About this exercise:
Could you please transcribe the data exactly, without the pictures?

[Short descriptive text snippets]

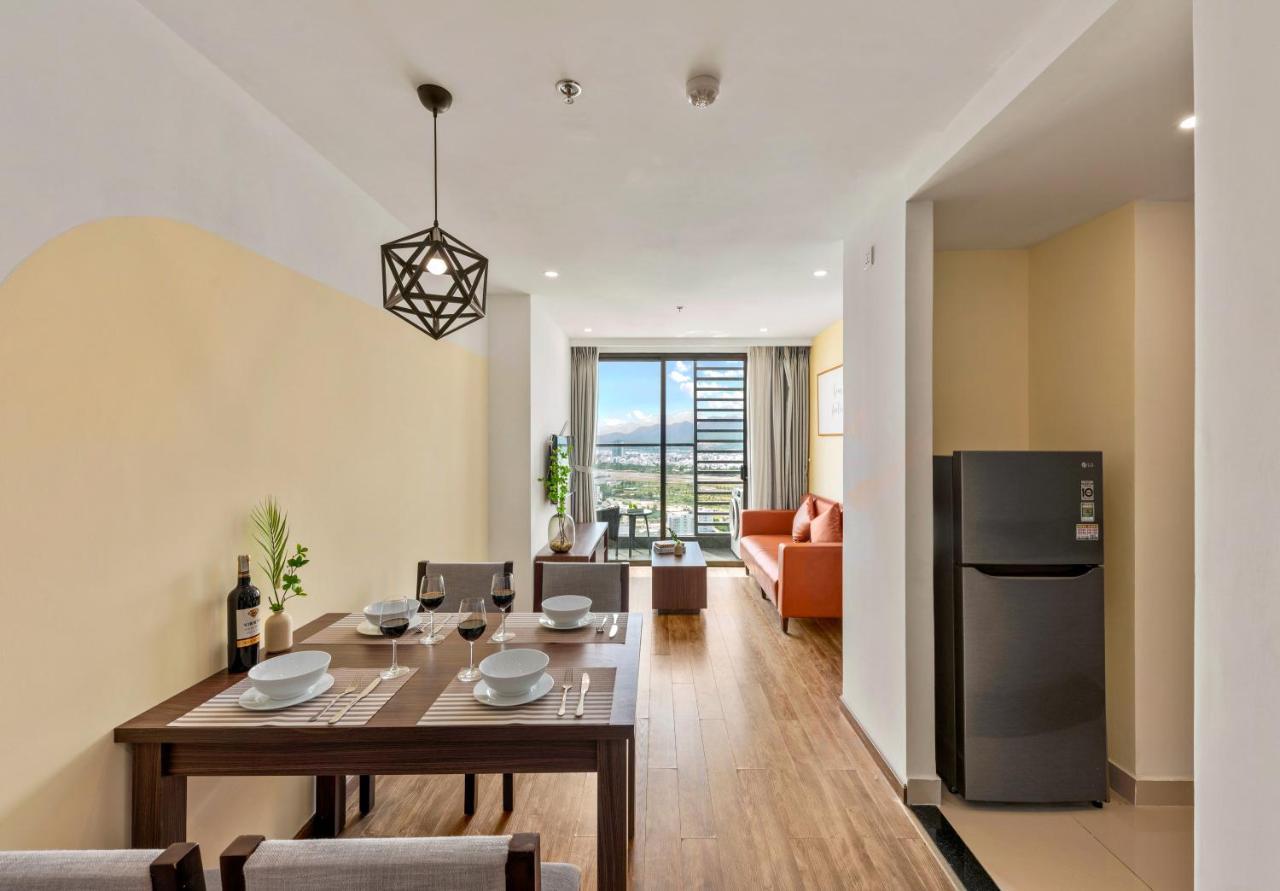 S Lux Apartment Virgo Nha Trang Eksteriør bilde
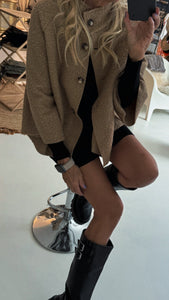 Élégance Cape - Damenjacke mit 3/4-Ärmeln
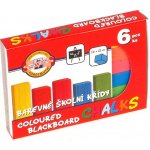 Koh-i-noor Křídy 112505/6 školní barevné 7155 – Zboží Dáma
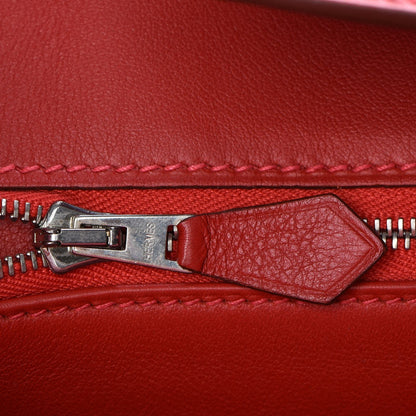 Hermes Swift Birkin 30 Rouge Garance 17 of 27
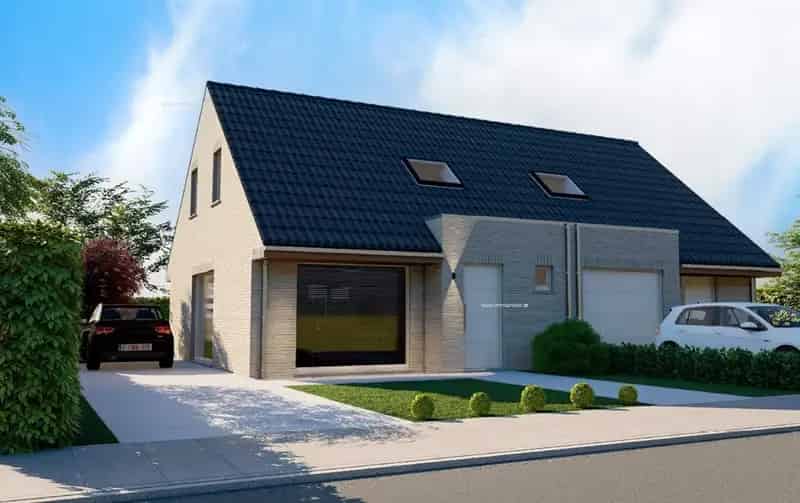 Nieuwbouw Huis 3 Slaapkamers Handzame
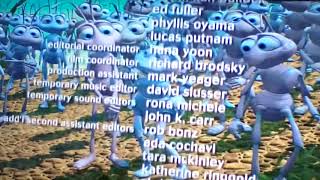 A Bugs Life Credits [upl. by Maurita]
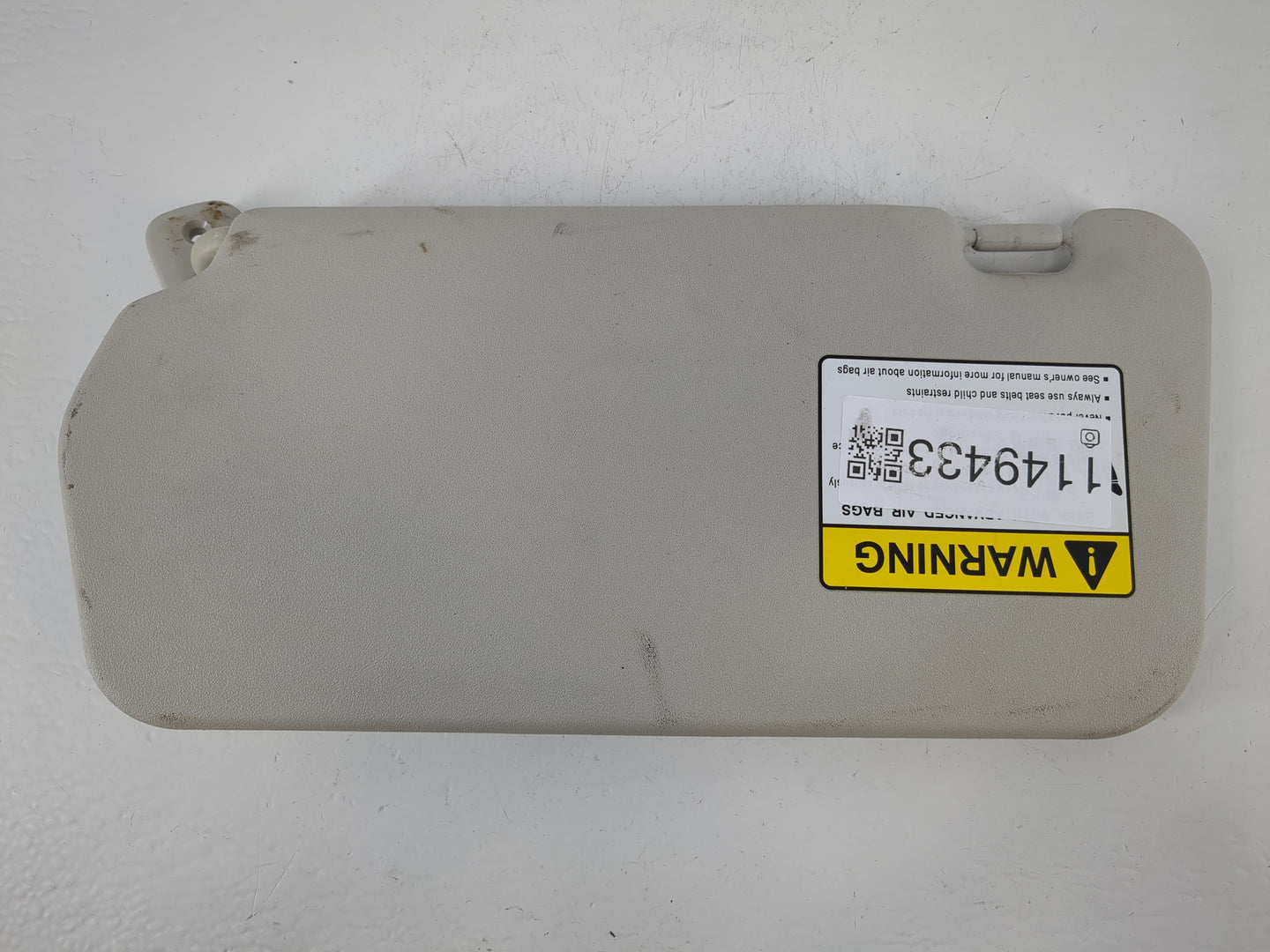2008-2017 Mazda 5 Sun Visor Shade Replacement Passenger Right Mirror Fits Fits 2008 2009 2010 2012 2013 2014 2015 2016 2017 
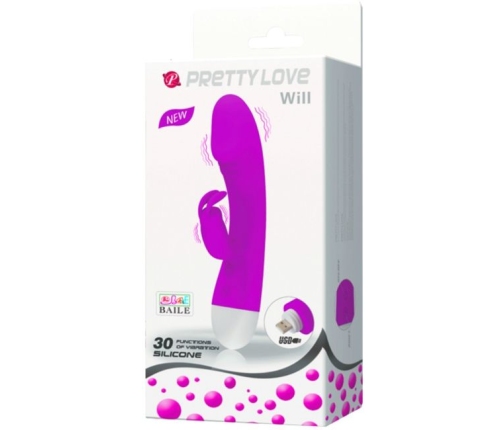 PRETTY LOVE - SMART WILL VIBRATOR 30 MODES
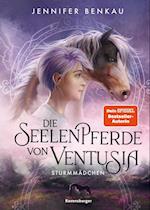 Die Seelenpferde von Ventusia, Band 3: Sturmmädchen (Dein-SPIEGEL-Bestseller, abenteuerliche Pferdebuch-Fantasy ab 10 Jahre)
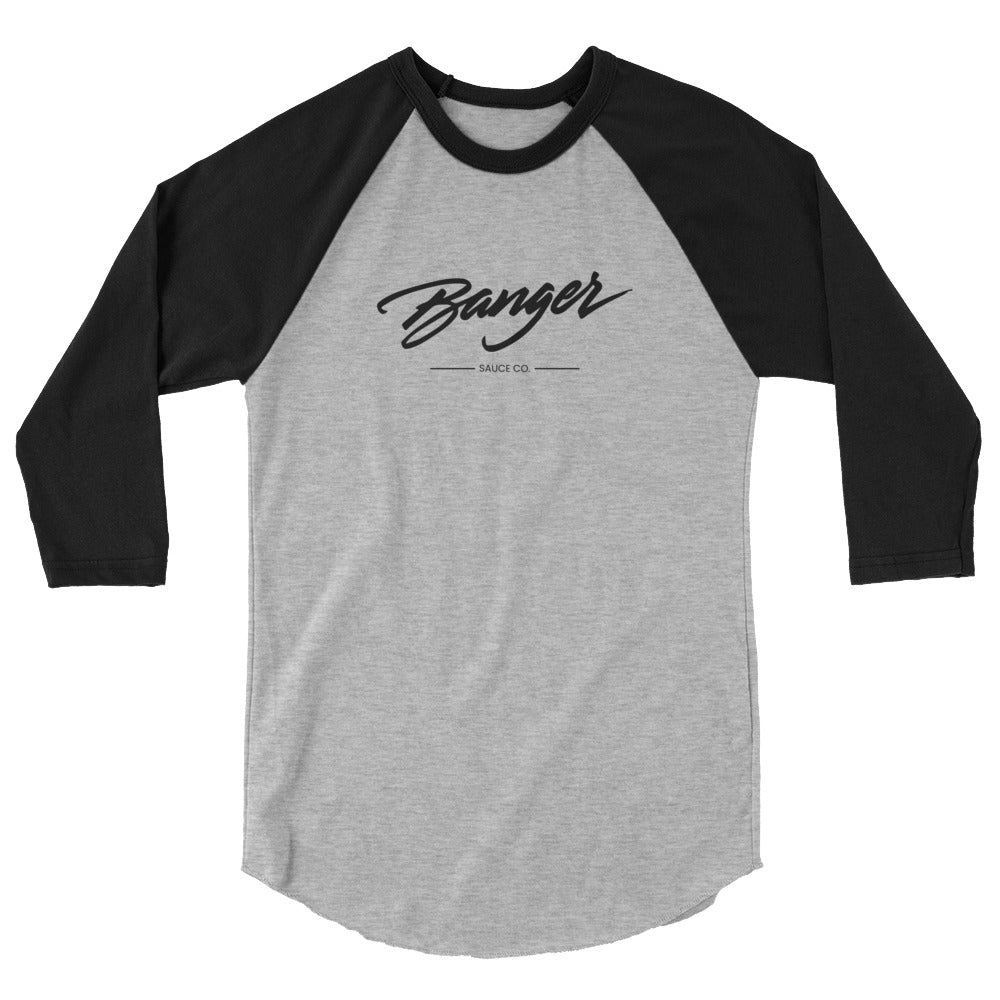 3/4 sleeve raglan Banger shirt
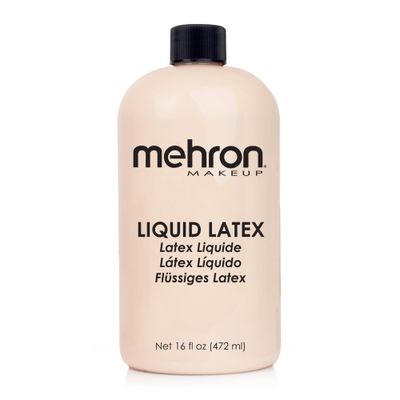Mehron Makeup Liquid Latex (16 oz) (Light Flesh)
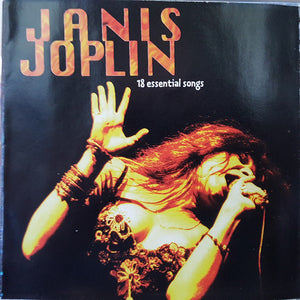 Janis Joplin ‎ - 18 Essential Songs (CD)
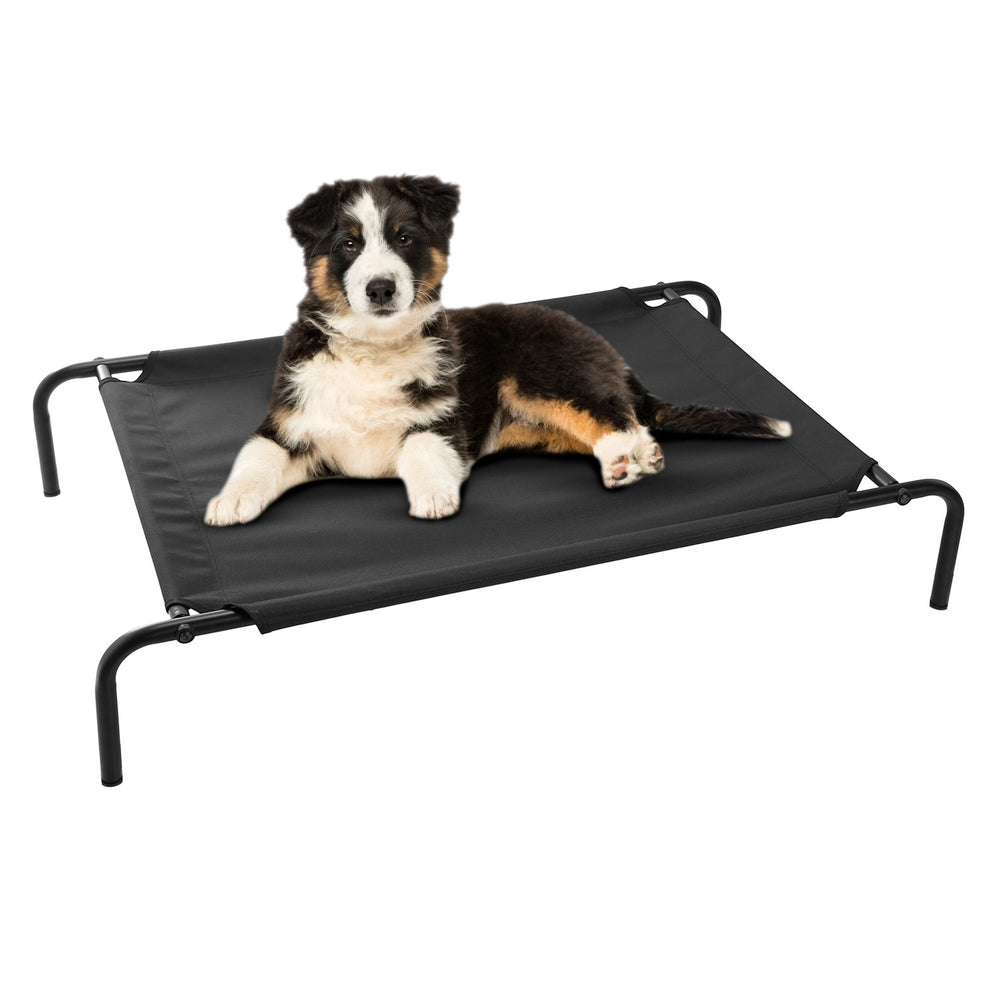 Elevated Pet Bed Dogs Cot Dogs Cats Cool Bed L Size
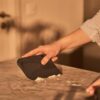 The eco-friendly Ooni dough preparation tools set made from 100% recyclable materials.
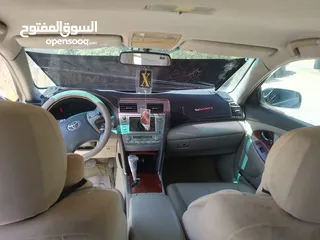  5 تويوتا كامري 2008 بسعر مغري جدا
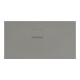 V&B Duschwanne Squaro Infinity 130x70x4cm, gr, Eck-Einbau li gegen Wand-1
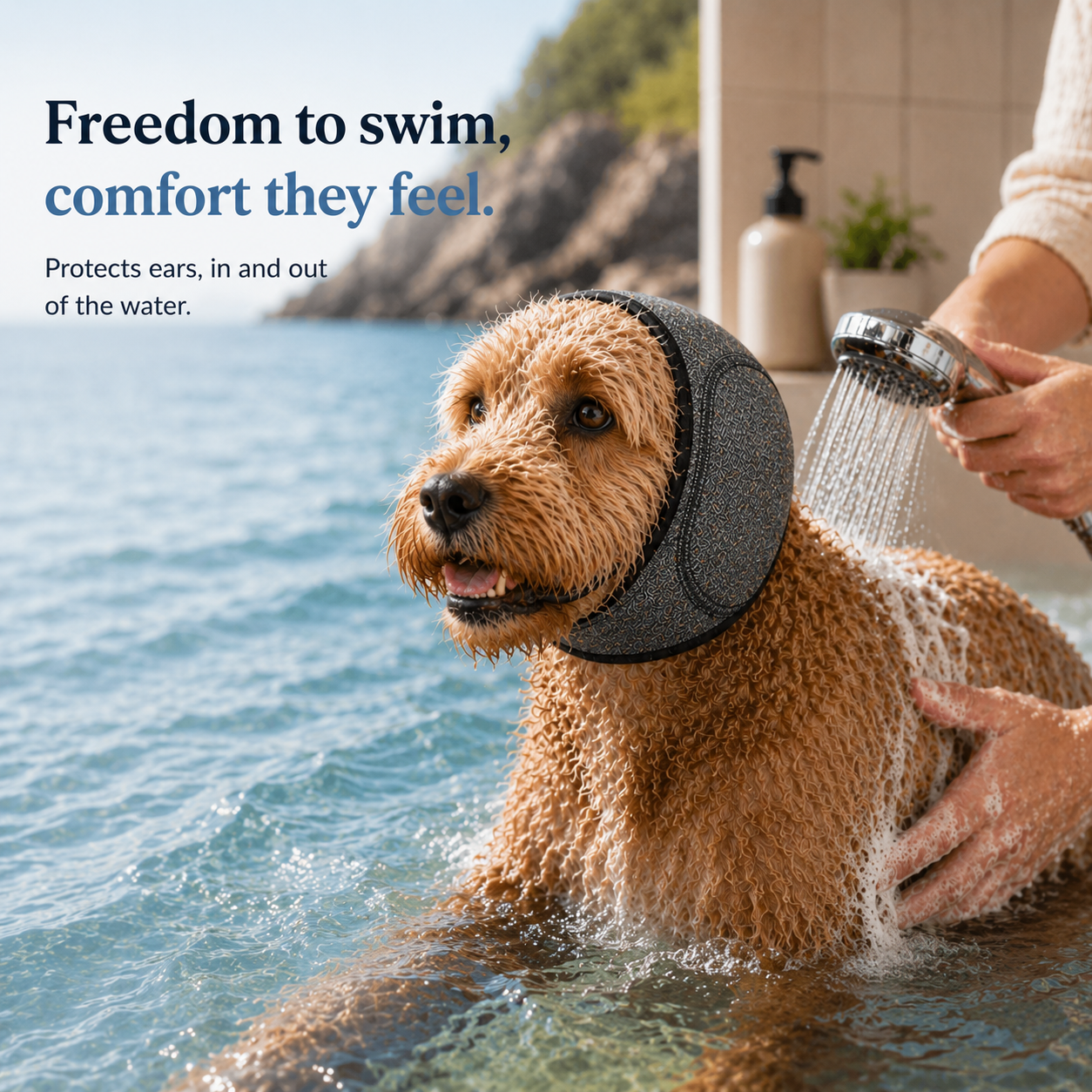 CalmWrap™ — Soothing Ear Cover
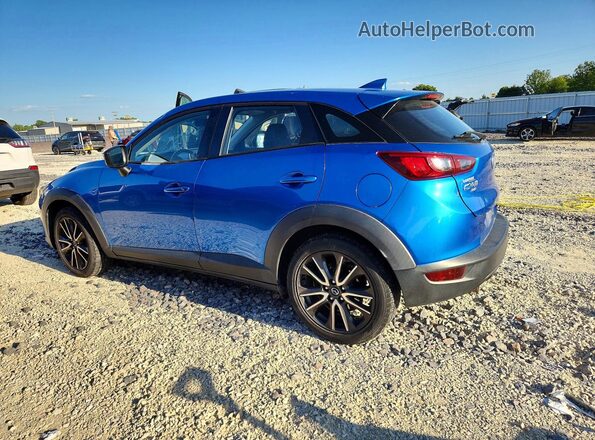 JM1DKFC70H0176310 2017 MAZDA CX-3 Blue Tył lewy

Result:
 S Lux Apartment Virgo Nha Trang Eksteriør bilde
 Élégance Cape - Damenjacke mit 3/4-Ärmeln
 Koh-i-noor Křídy 112505/6 školní barevné 7155 – Zboží Dáma
 Hermes Swift Birkin 30 Rouge Garance 17 of 27
 Nieuwbouw Huis 3 Slaapkamers Handzame
 A Bugs Life Credits [upl. by Maurita]
2008-2017 Mazda 5 Sun Visor Shade Replacement Passenger Right Mirror Fits Fits 2008 2009 2010 2012 2013 2014 2015 2016 2017 
 PRETTY LOVE - SMART WILL VIBRATOR 30 MODES
 Die Seelenpferde von Ventusia, Band 3: Sturmmädchen (Dein-SPIEGEL-Bestseller, abenteuerliche Pferdebuch-Fantasy ab 10 Jahre)
 3/4 sleeve raglan Banger shirt
Mehron Makeup Liquid Latex (16 oz) (Light Flesh)
 Janis Joplin ‎ - 18 Essential Songs (CD)
 Elevated Pet Bed Dogs Cot Dogs Cats Cool Bed L Size
 The eco-friendly Ooni dough preparation tools set made from 100% recyclable materials.
  5 تويوتا كامري 2008 بسعر مغري جدا
 V&B Duschwanne Squaro Infinity 130x70x4cm, gr, Eck-Einbau li gegen Wand-1
 CalmWrap™ — Soothing Ear Cover
 JM1DKFC70H0176310 2017 MAZDA CX-3 Blue Tył lewy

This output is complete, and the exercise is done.